**Exercise details:** The goal is an unaltered copy of the records below, minus any images.

Crawled caption data:
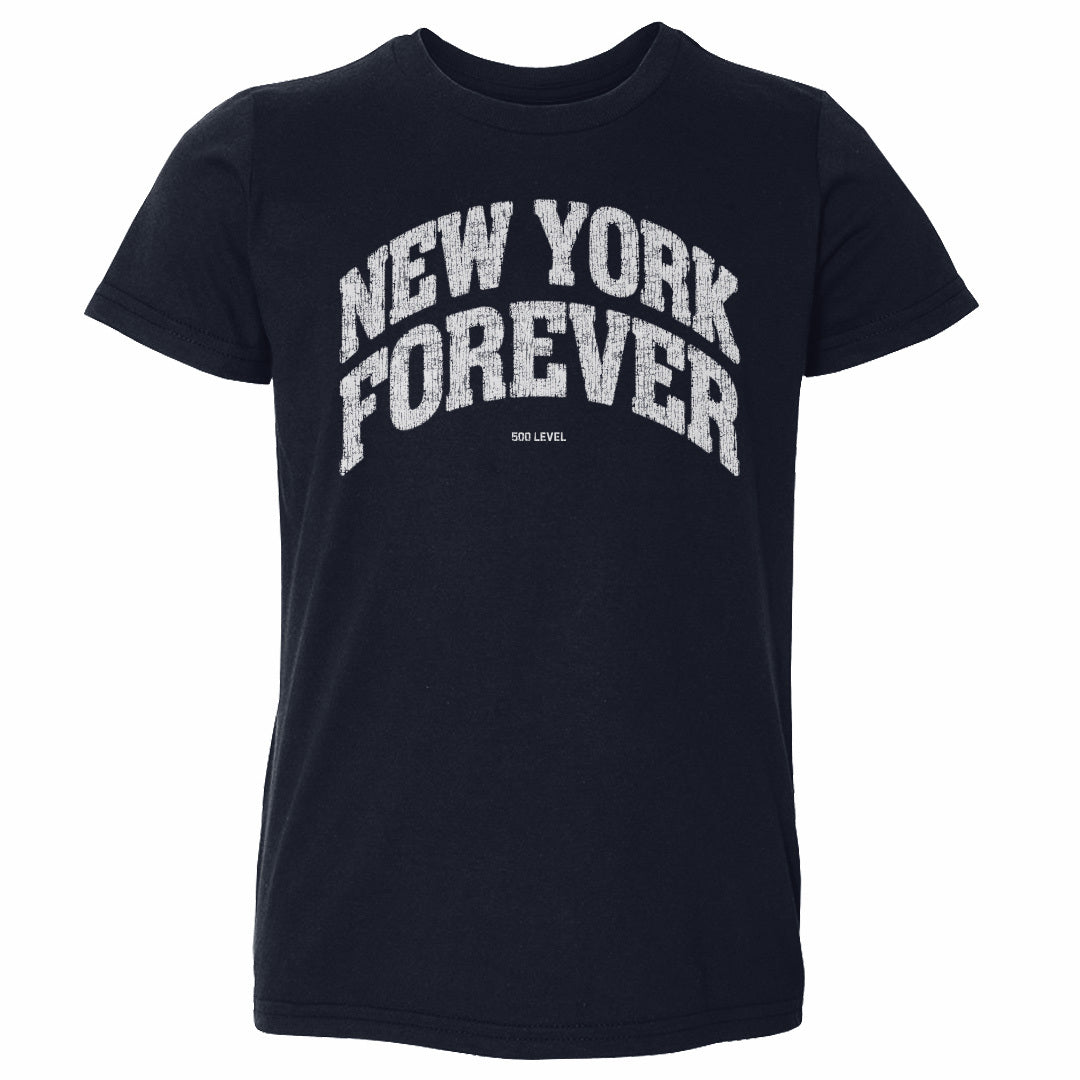 New York Kids Toddler T-Shirt | 500 LEVEL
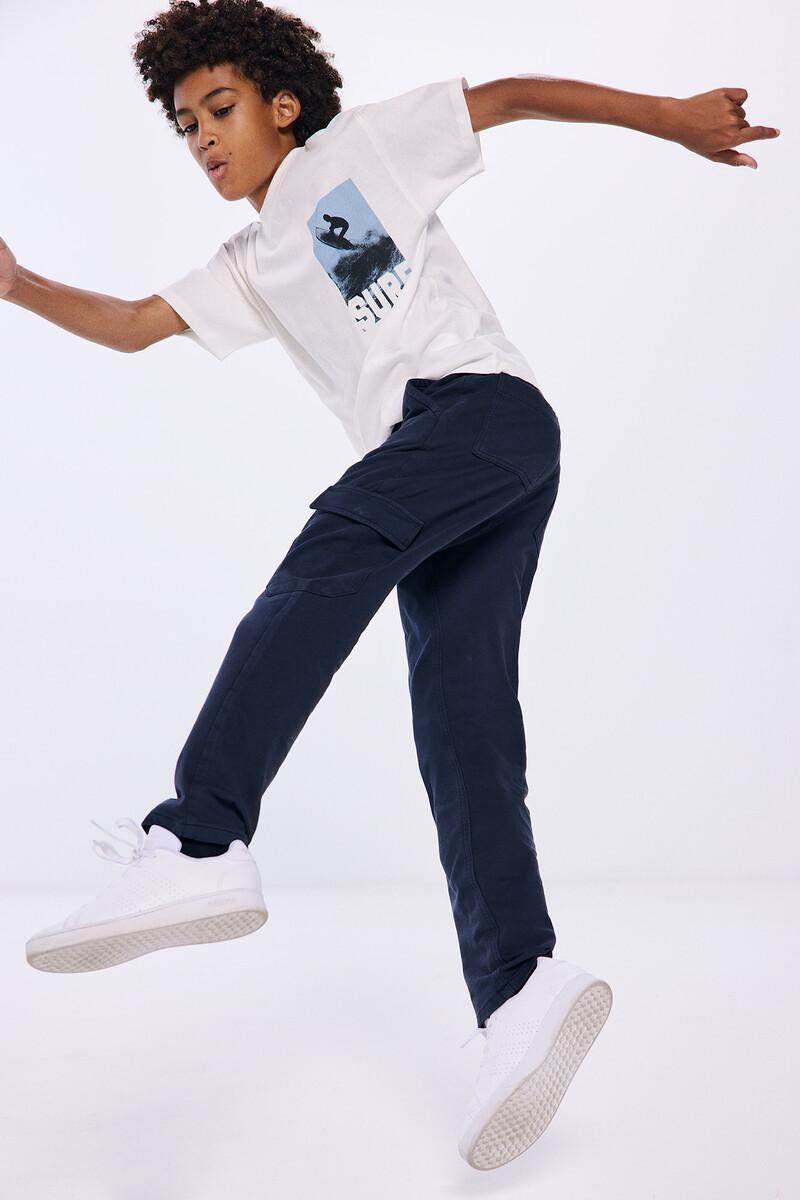 Women'secret Pantalon Cargo Niño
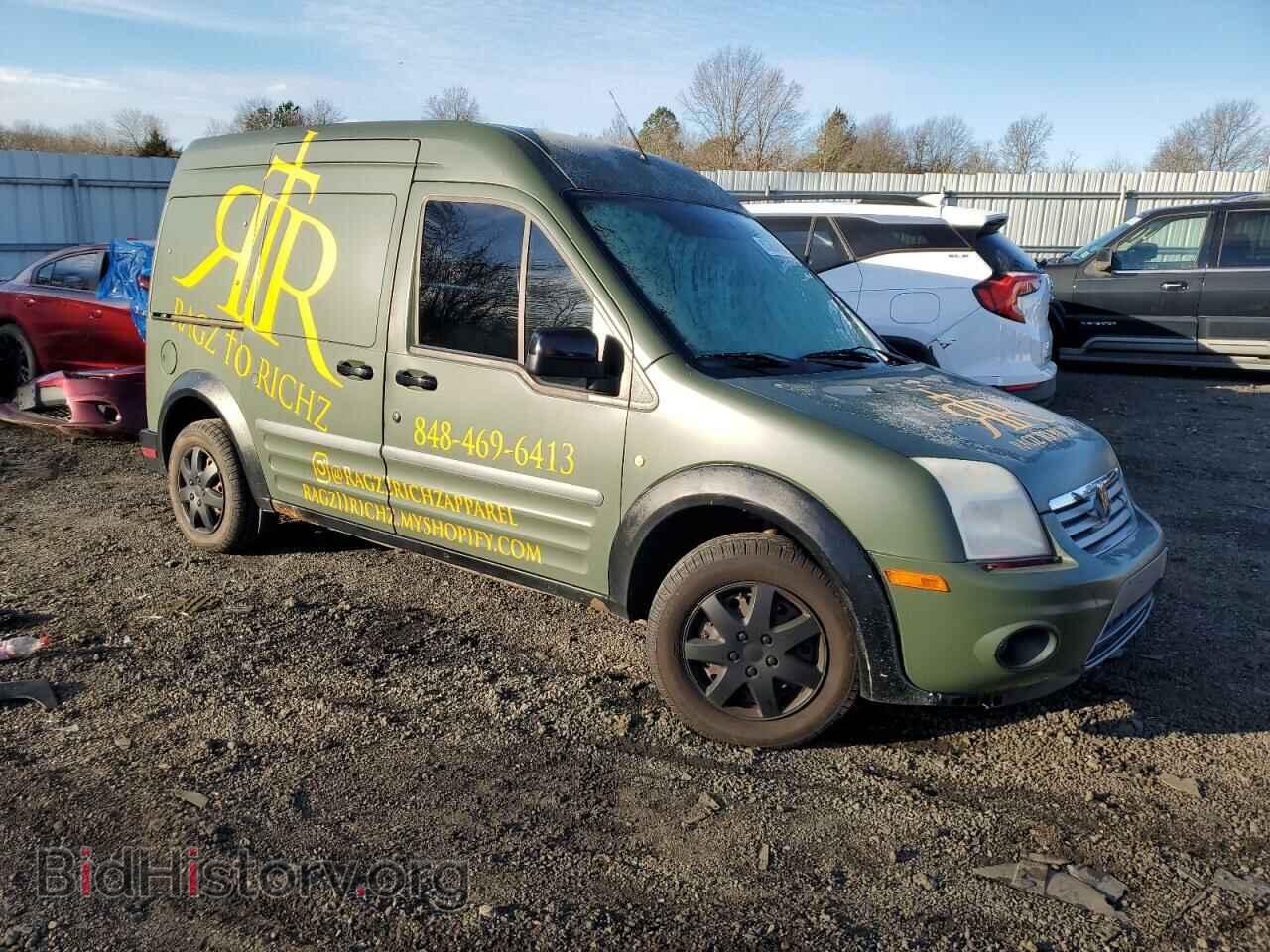 2013 FORD TRANSIT - VIN: NM0KS9CN3DT133027 - Фото 4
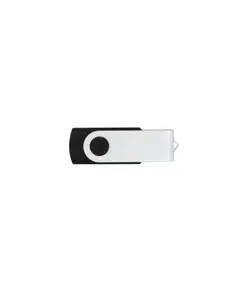 Chiavetta USB 4 Gb in ABS e metallo
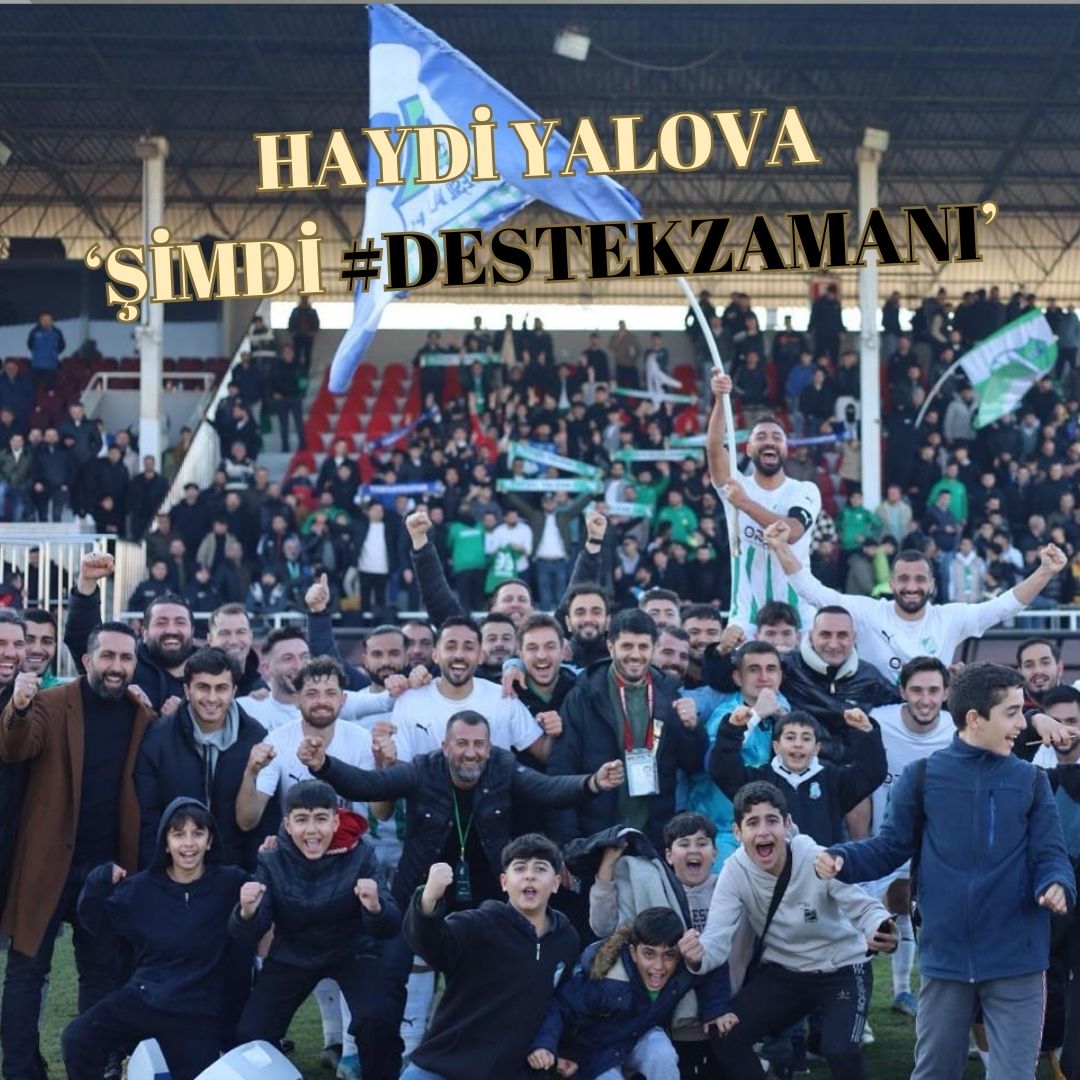 ADIM ADIM ‘ŞAMPİYONLUĞA..’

**Output of the exercise:**
 New York Kids Toddler T-Shirt | 500 LEVEL
 Women'secret Pantalon Cargo Niño
 2013 FORD TRANSIT - VIN: NM0KS9CN3DT133027 - Фото 4
 Chiavetta USB 4 Gb in ABS e metallo
 ADIM ADIM ‘ŞAMPİYONLUĞA..’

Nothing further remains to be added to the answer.